====== Material to process

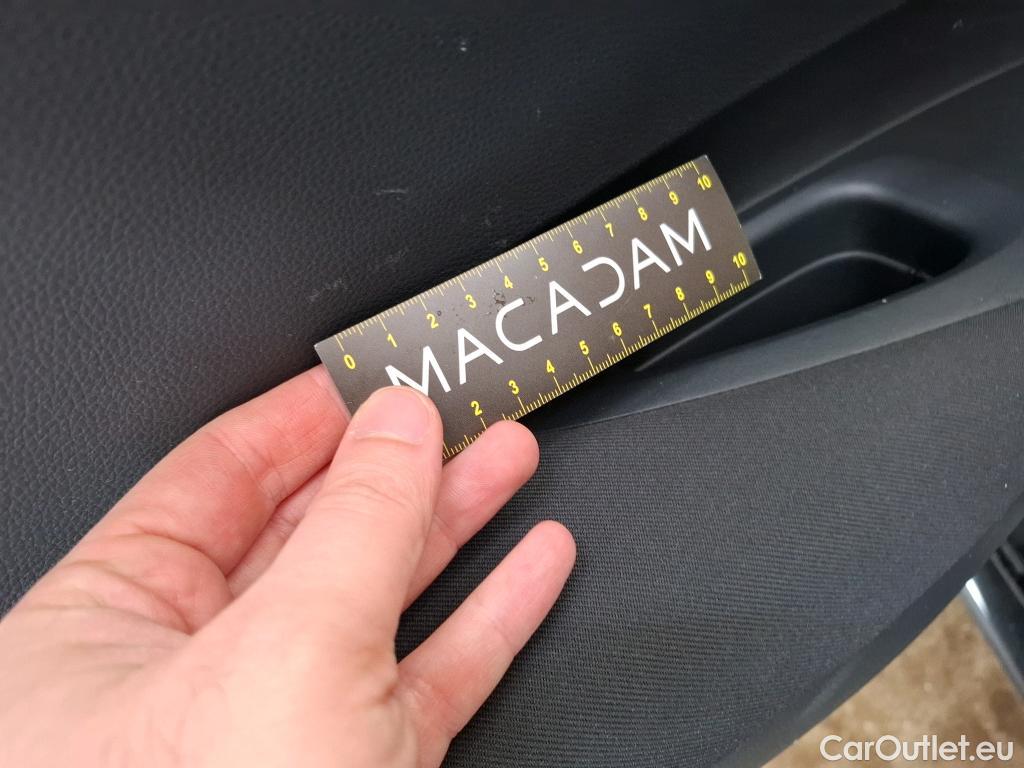  Toyota  Corolla TOYOTA  Touring Sports / 2018 / 5P / Break Hybride 184h Dynamic Business Stage Acad #13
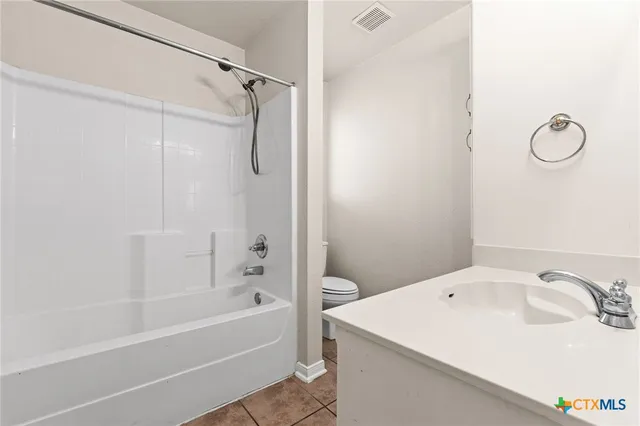 $265,000 | 5806 Luxor Drive, Killeen, TX 76549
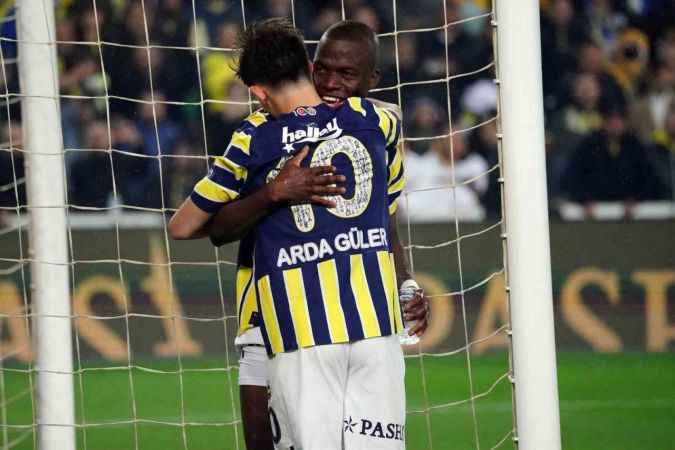 Fenerbahçe, 10 kişi kalan Beşiktaş'a mağlup oldu Fenerbahçe, 10 kişi kalan Beşiktaş'a mağlup oldu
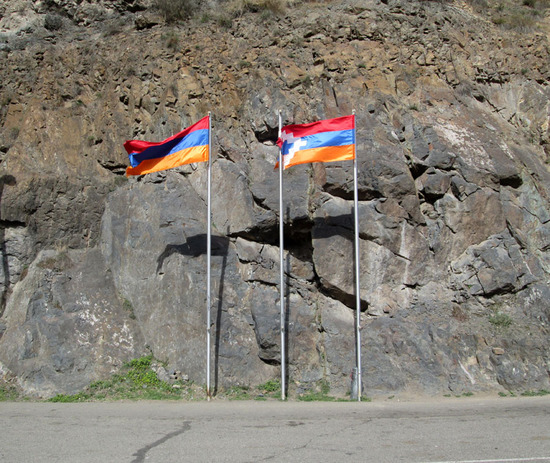 На границе Карабаха с Арменией.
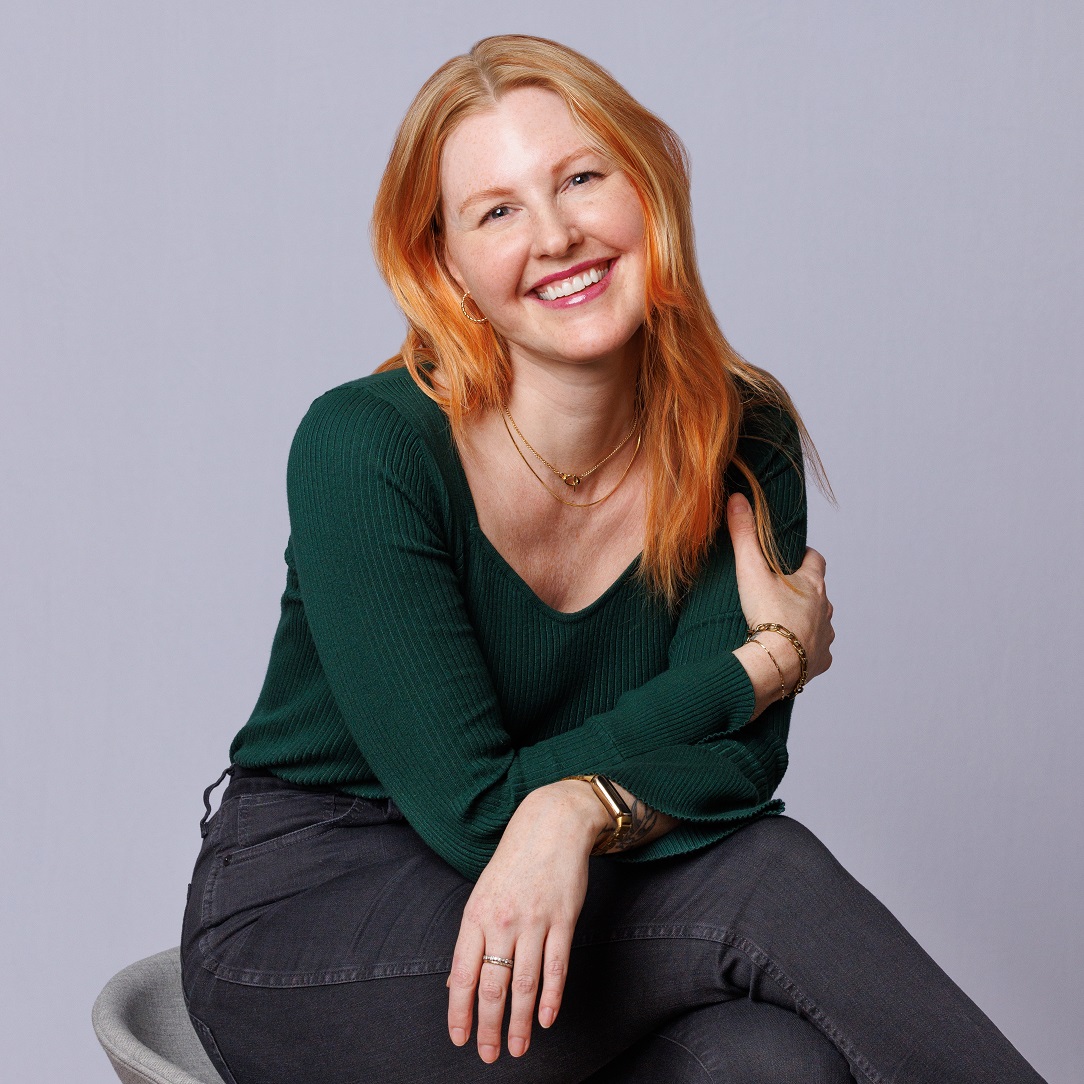 Anna Larson Headshot (1)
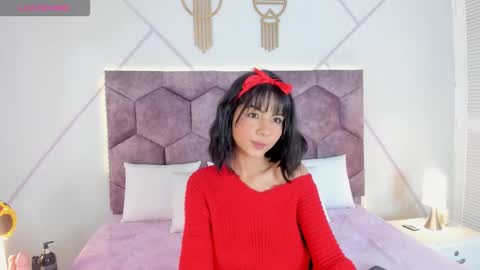 _aurora_collins_ online show from 10/21/25, 12:39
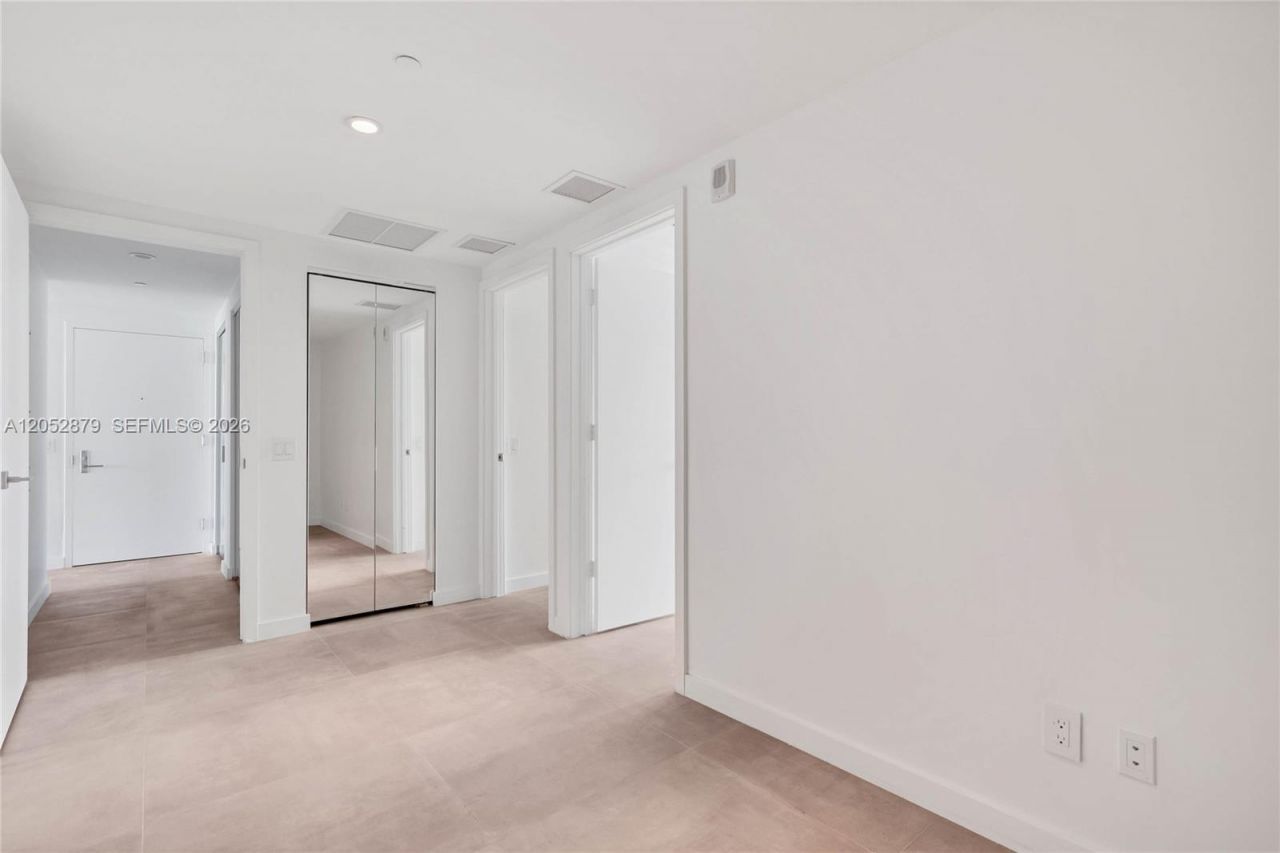 3131 NE 7th Ave , Unit 1203, Miami, FL 33137 Photo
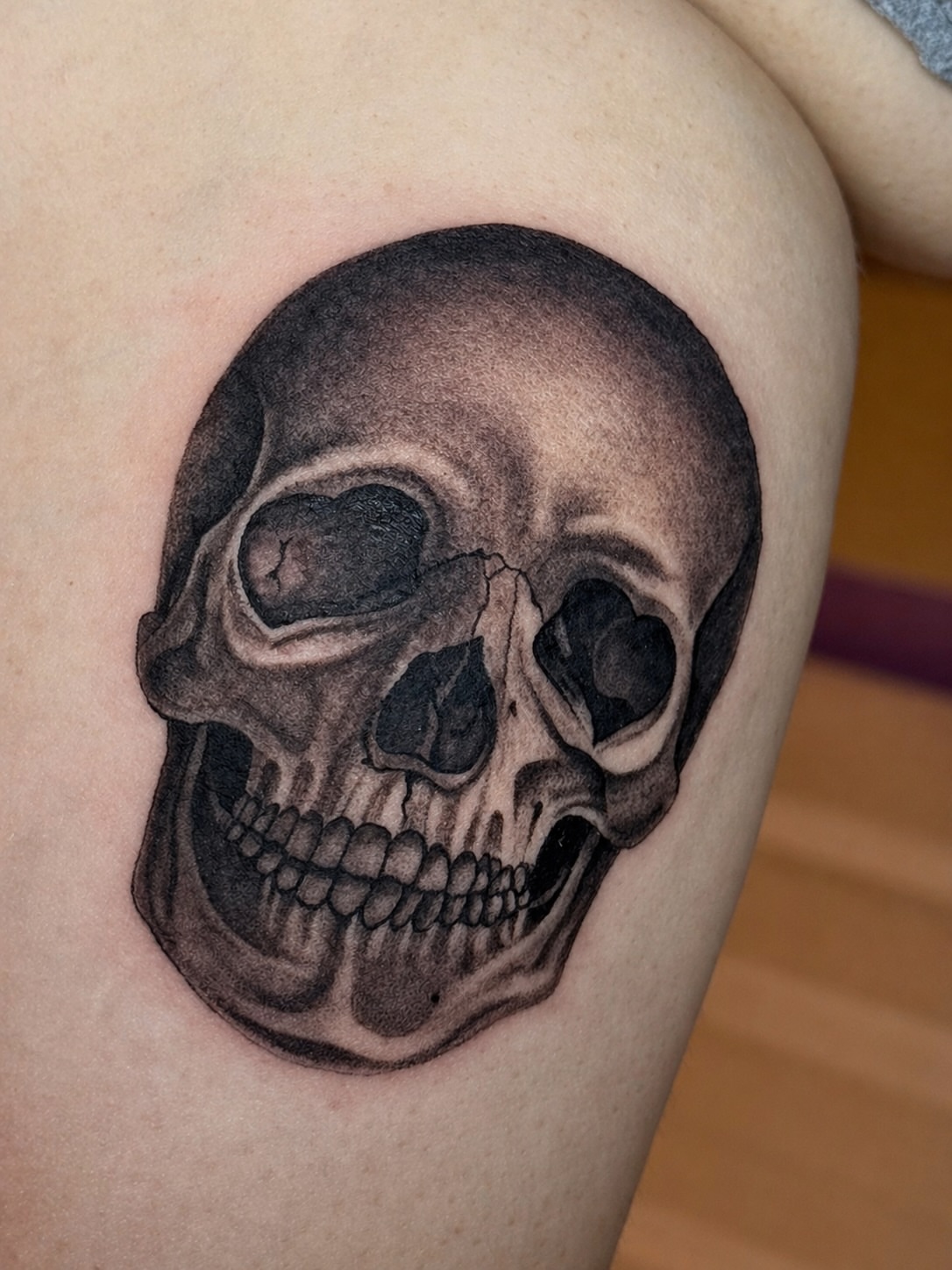 Skull realism tattoo on the shoulder by ππππππ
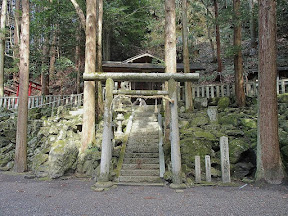 【日本がわかる神社のはなし】神社を通して見える老舗同士の不思議な縁、「永谷園と山本山」の意外すぎる繋がりとは？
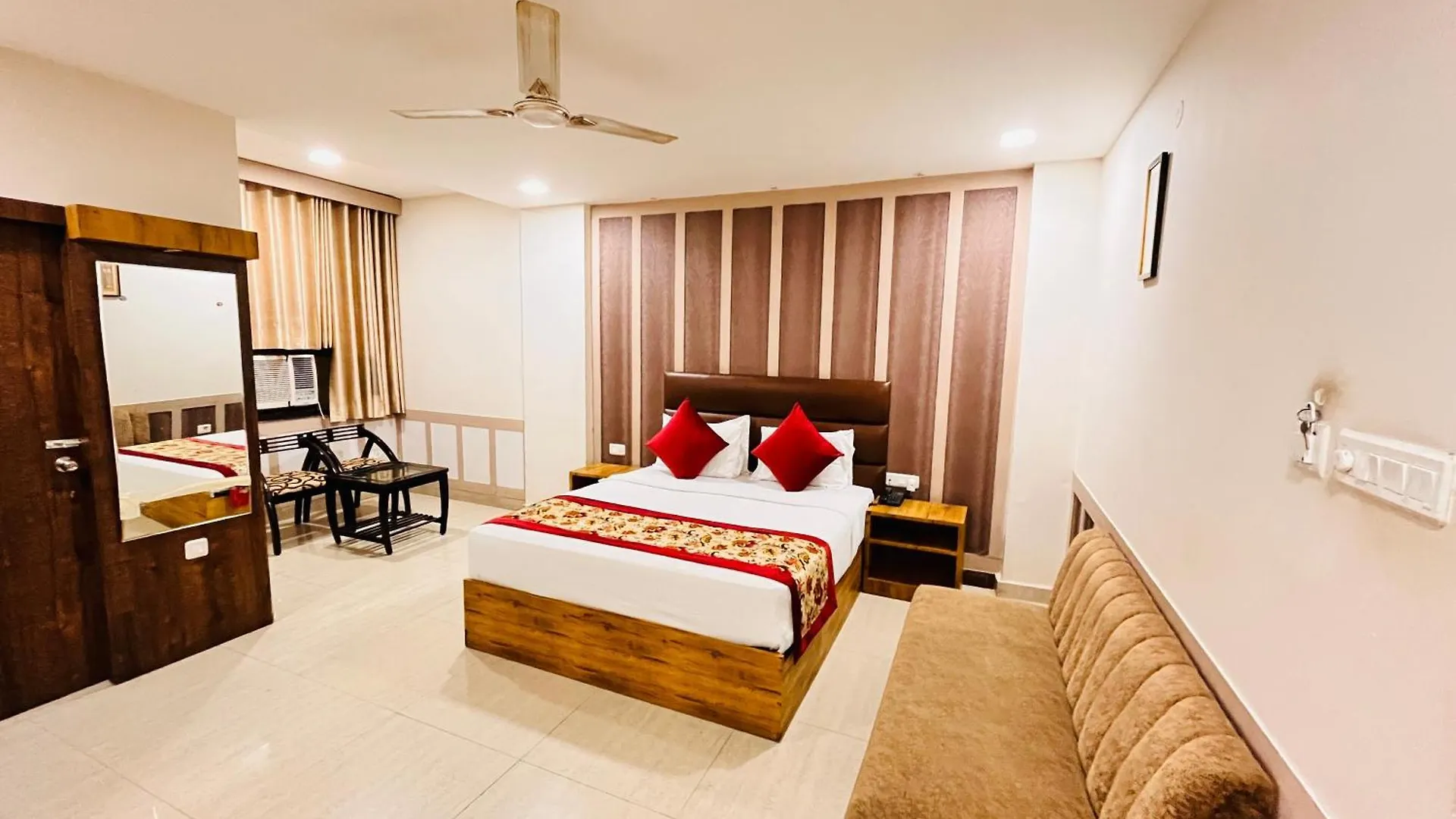 Crown Hotel Agra Near Taj Mahal  Agra (Uttar Pradesh)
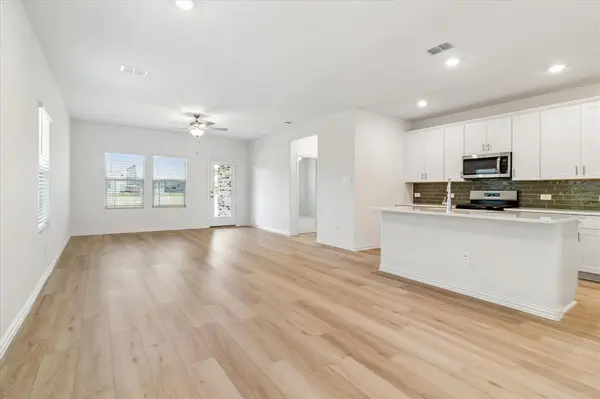 1404 Bridgestone Drive, Princeton, TX 75071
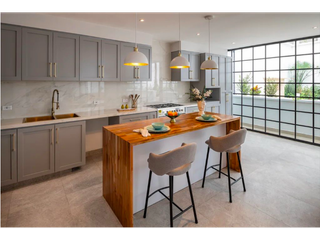 Foto 3 de Espectacular casa remodelada para venta en Santa Bárbara Alta
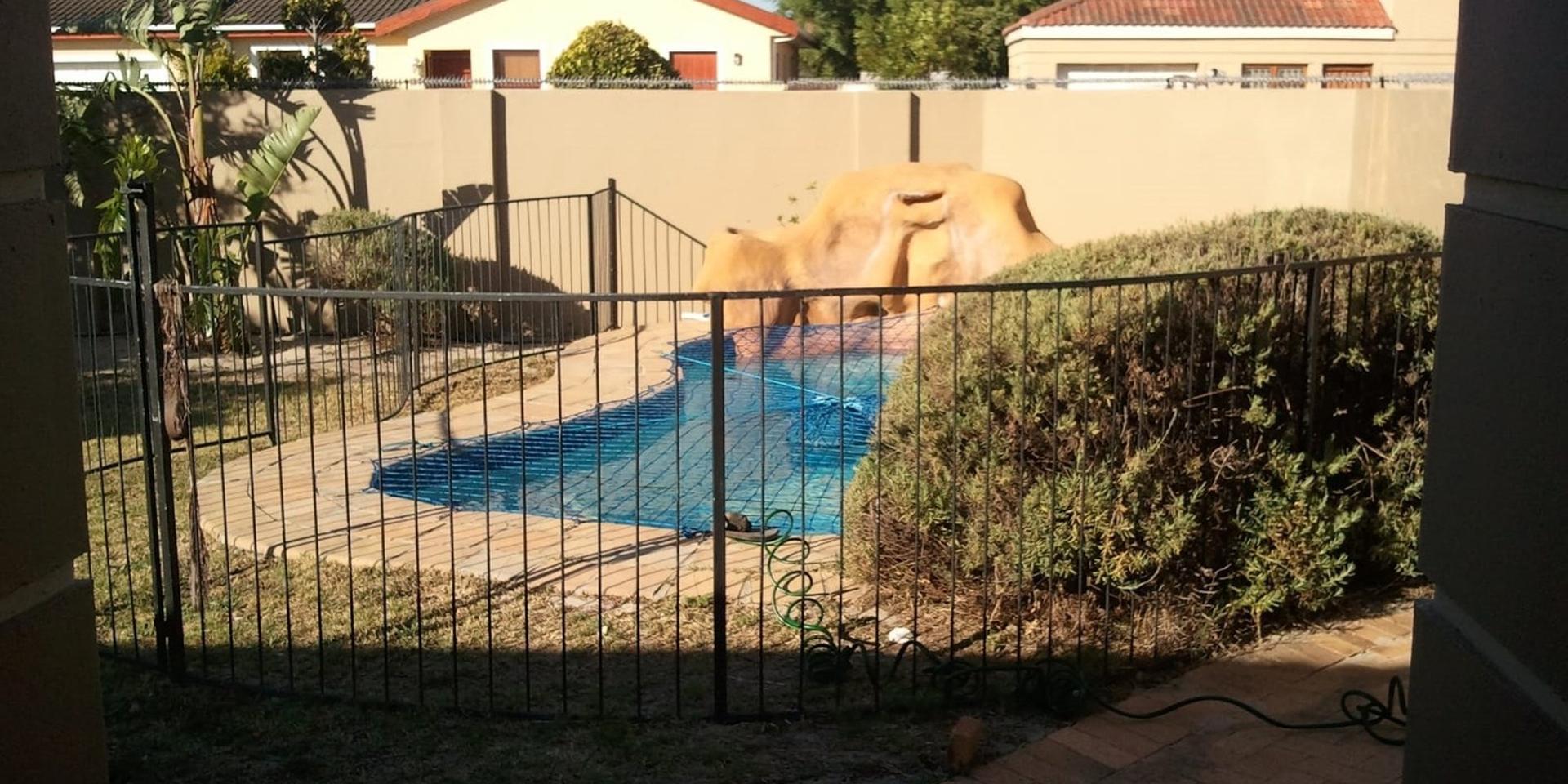 Image 2 of 6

============

§ **What the exercise asks**
The required answer is an exact copy of the lines from the one containing "Foto 3 de Espectacular" through the last line of the material, with the pictures removed.

§ **Solution to the problem**
 Foto 3 de Espectacular casa remodelada para venta en Santa Bárbara Alta
 Image 2 of 6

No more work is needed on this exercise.